O fato de a senhora Renilda poder mentir não é um grande problema, nem para a CPI nem para o cidadão comum. Ninguém é obrigado a dizer alguma coisa que lhe incrimine quando está sendo investigado. Compete a quem investiga descobrir os indícios de culpa e explorar as contradições de quem responde às perguntas do investigador, neste caso a CPI. Mas, por outro lado, ela não pode se negar a responder a nenhuma questão. Assim, se bem interrogada, ela poderá cair em contradição e a CPI extrairá daí indícios para chegar à verdade.

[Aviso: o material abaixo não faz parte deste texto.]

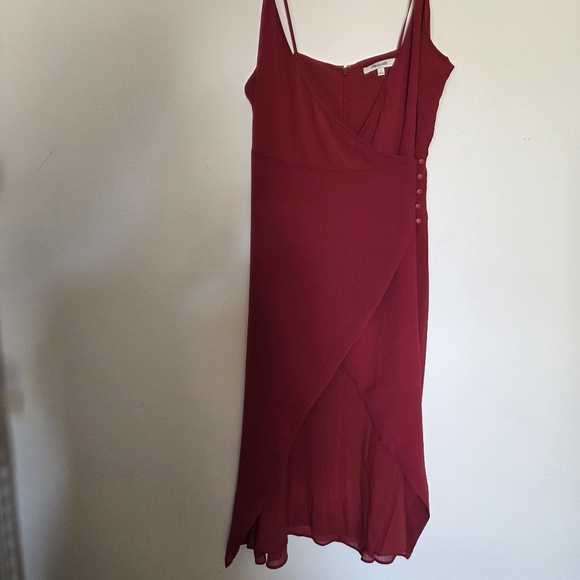Madewell Womens Red Midi Dress Size 4 - Picture 3 of 8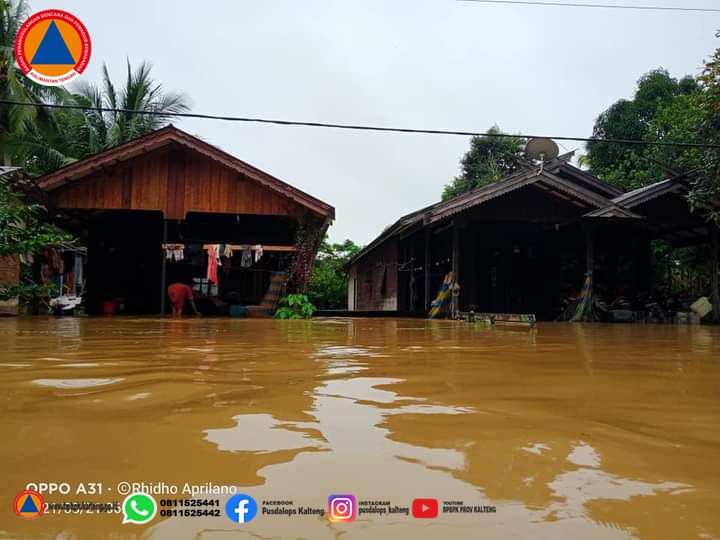 Kecamatan di Beberapa Kabupaten Kalteng Alami Banjir 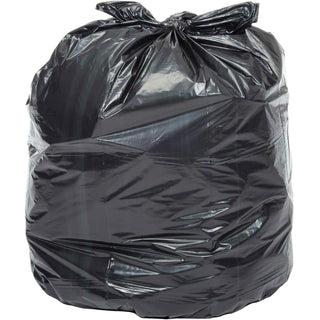 42 Gallon Contractor Black Trash Bags by Napco Bag And Film – 50 Count (Pack of 1), 42.0 gallons, LLDPE, Black, Model M32503
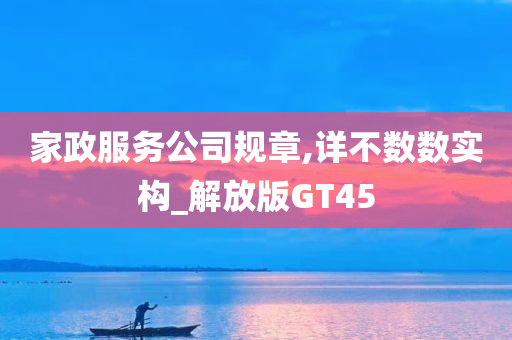 家政服务公司规章,详不数数实构_解放版GT45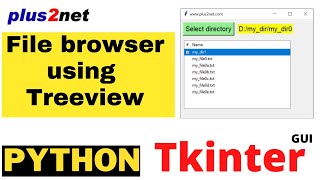 Tkinter showing directory and file structure in Treeview of the user selected path using filedialog [upl. by Aihsar]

Isto a população sabe, porque é o que acontece com qualquer cidadão que pode vir a ser submetido a um interrogatório. A rigor, as pessoas não recebem uma licença para mentir, e o fato delas mentirem não é um impedimento para que se chegue às contradições e, eventualmente, à verdade. Somente na condição de testemunhas é que as pessoas são obrigadas a dizer a verdade porque, neste caso, o seu depoimento estará afetando a terceiros, podendo condenar inocentes ou absolver culpados. Mas na condição de investigadas, as pessoas não podem ser obrigadas a se auto-incriminarem.
A população também sabe que a mentira é, em geral, um expediente dos criminosos. Mas conta com a capacidade daqueles que estão à procura da verdade, que pretendem colocar quem mente em cheque. O que a senhora Renilda disse em seu depoimento será comparado a outros depoimentos e aos fatos. Se ela mentiu, sobre ela mesma ou sobre os outros, será responsabilizada. É isto que o cidadão comum espera da CPI."